Once enough success is achieved and there is plenty money on the table, there are only two factors that come into play. One is drugs…a staple of this industry. Johnny Cash, Elvis, and others used “uppers” to deal with the later hours and travel demands between stops. Then they threw in “downers” to relax them once it came time to sleep. Addiction was never a consideration until it happened to them. Then the social drugs made their way into the business…the cocaine and in some cases, heroin. Both are common in this business because they make a social statement…”I can afford it so I do”. For me, thus far, I have avoided that temptation but I am constantly surrounded by it. Then there is the paranoia. Everyone is your fan; everyone wants to be your friend. Everyone sees the money and fame thus they try to insert themselves into being a part of it. Soon fears arise that someone might be stealing me blind and my mind begins to want to want to get rid of those around me. My ability to trust people is diminishing with my success.
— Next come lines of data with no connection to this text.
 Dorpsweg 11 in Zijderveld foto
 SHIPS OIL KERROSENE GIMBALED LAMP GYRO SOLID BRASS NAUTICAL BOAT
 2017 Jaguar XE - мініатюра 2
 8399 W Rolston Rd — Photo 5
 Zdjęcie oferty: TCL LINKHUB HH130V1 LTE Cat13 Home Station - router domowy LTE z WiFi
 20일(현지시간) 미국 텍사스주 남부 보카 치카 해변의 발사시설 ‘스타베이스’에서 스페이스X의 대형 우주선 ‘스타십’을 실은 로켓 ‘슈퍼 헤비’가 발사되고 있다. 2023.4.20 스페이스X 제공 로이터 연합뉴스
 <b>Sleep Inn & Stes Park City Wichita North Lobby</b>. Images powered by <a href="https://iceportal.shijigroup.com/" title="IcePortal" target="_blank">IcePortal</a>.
I glance out the bus window at the rolling countryside and smile. My mind dwells on the success that I have achieved. I admit that I yearned for it and pursued it relentlessly in my early years. I chased that elusive butterfly and caught it in my net. The irony of it all is that it is nothing like I imagined it to be and somewhere within the framework of it all I have buried my talents and traded my soul for this addiction of sorts that I cannot tame. Maybe that is the emptiness that I feel at this moment gazing through the tinted glass.